- [Entries provided]:
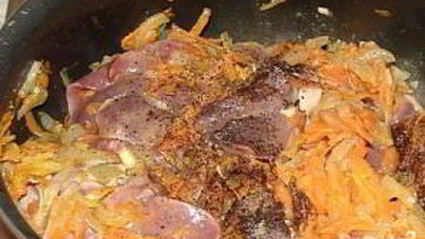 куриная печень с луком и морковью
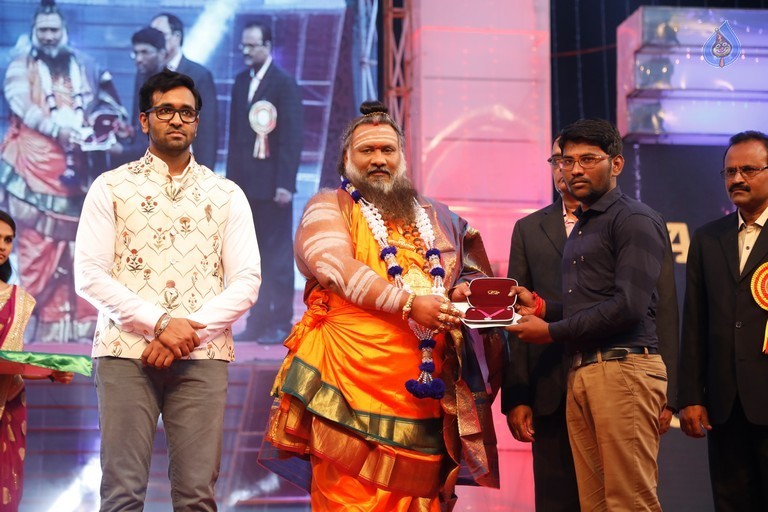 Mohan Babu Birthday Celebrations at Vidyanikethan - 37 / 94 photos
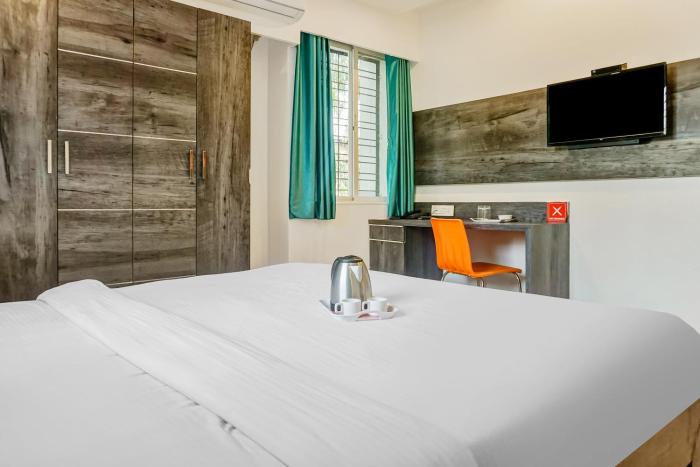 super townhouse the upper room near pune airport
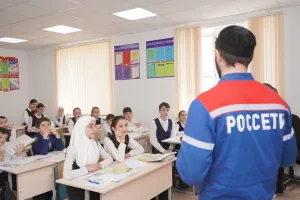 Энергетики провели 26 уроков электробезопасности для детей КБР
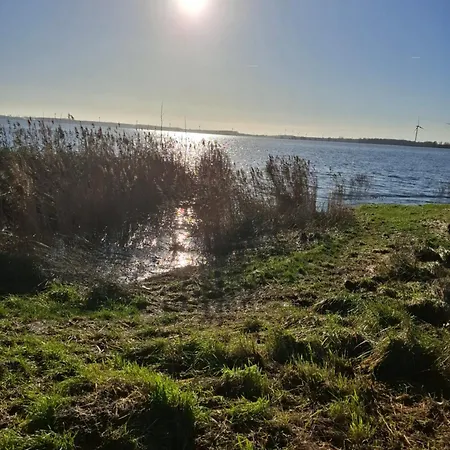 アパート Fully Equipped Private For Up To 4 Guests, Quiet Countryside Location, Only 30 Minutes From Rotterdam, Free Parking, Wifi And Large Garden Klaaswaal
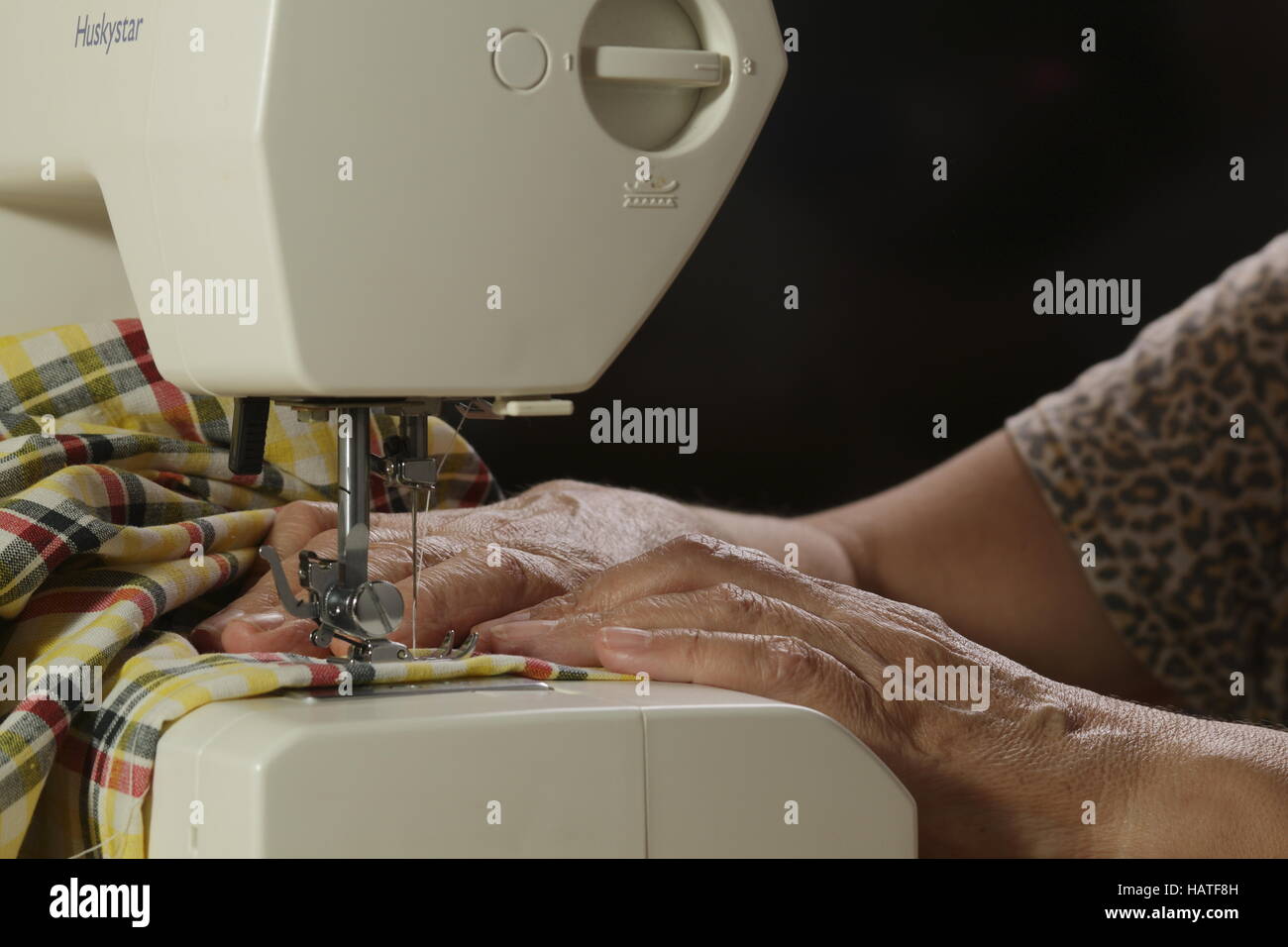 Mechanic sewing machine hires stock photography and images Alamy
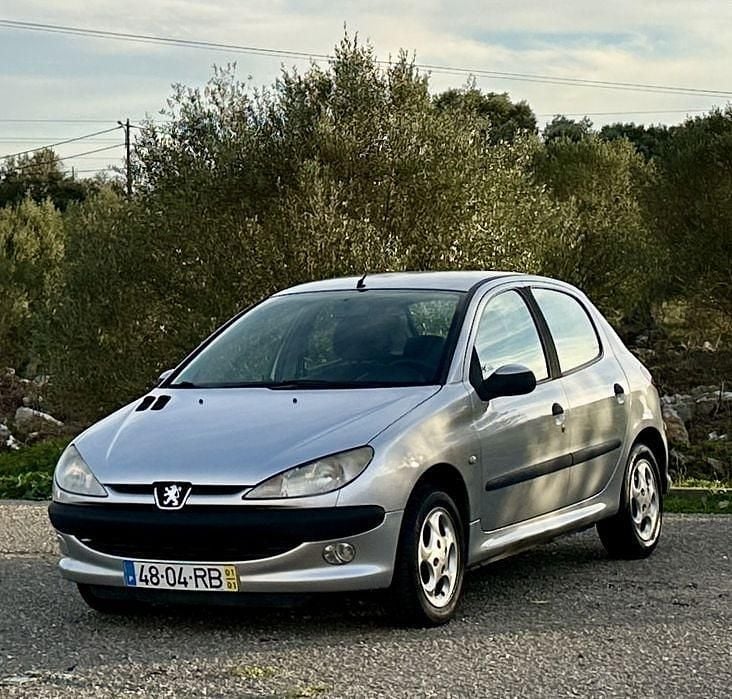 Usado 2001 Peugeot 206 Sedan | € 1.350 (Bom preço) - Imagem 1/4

...

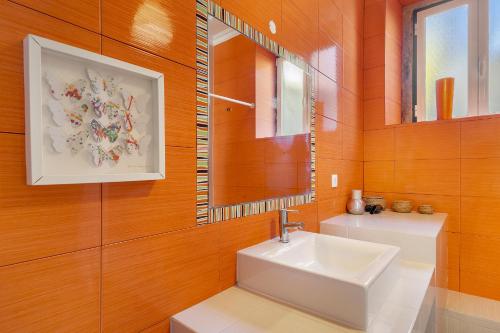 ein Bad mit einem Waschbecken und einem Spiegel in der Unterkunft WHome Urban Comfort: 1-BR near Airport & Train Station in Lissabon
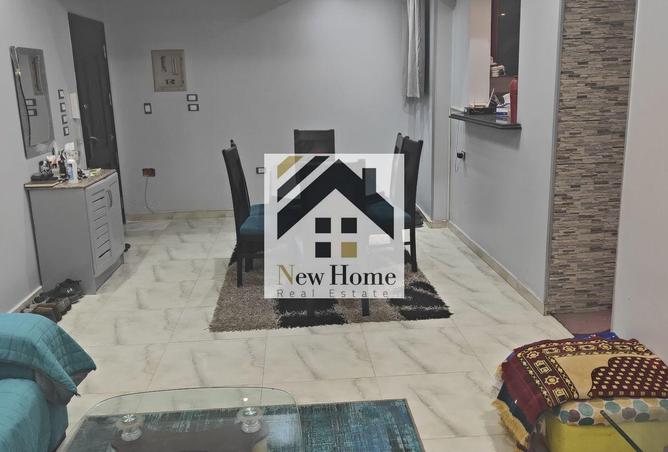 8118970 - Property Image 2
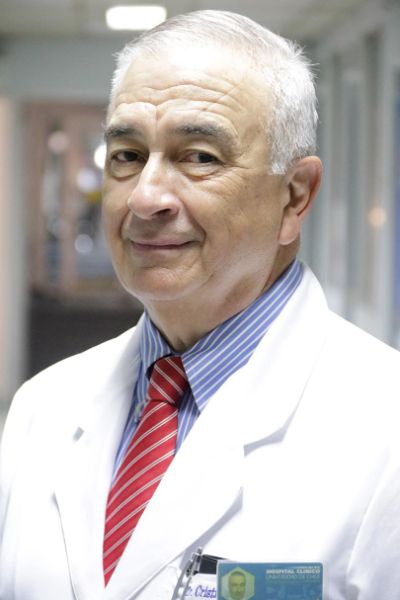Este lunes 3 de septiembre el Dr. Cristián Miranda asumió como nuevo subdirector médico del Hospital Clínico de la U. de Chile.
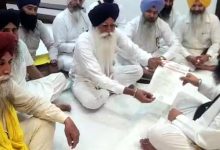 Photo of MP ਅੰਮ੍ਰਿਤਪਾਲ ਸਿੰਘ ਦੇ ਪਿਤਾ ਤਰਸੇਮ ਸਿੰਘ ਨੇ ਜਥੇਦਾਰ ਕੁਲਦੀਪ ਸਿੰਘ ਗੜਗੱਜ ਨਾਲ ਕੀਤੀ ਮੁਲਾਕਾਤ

- [Instructions for the task]: Print the line above containing "ein Bad mit", the line containing "Photo of MP", and everything between them, exactly as written. Pictures stay out.

- [Answer for the task]:
 ein Bad mit einem Waschbecken und einem Spiegel in der Unterkunft WHome Urban Comfort: 1-BR near Airport & Train Station in Lissabon
 8118970 - Property Image 2
Este lunes 3 de septiembre el Dr. Cristián Miranda asumió como nuevo subdirector médico del Hospital Clínico de la U. de Chile.
 Photo of MP ਅੰਮ੍ਰਿਤਪਾਲ ਸਿੰਘ ਦੇ ਪਿਤਾ ਤਰਸੇਮ ਸਿੰਘ ਨੇ ਜਥੇਦਾਰ ਕੁਲਦੀਪ ਸਿੰਘ ਗੜਗੱਜ ਨਾਲ ਕੀਤੀ ਮੁਲਾਕਾਤ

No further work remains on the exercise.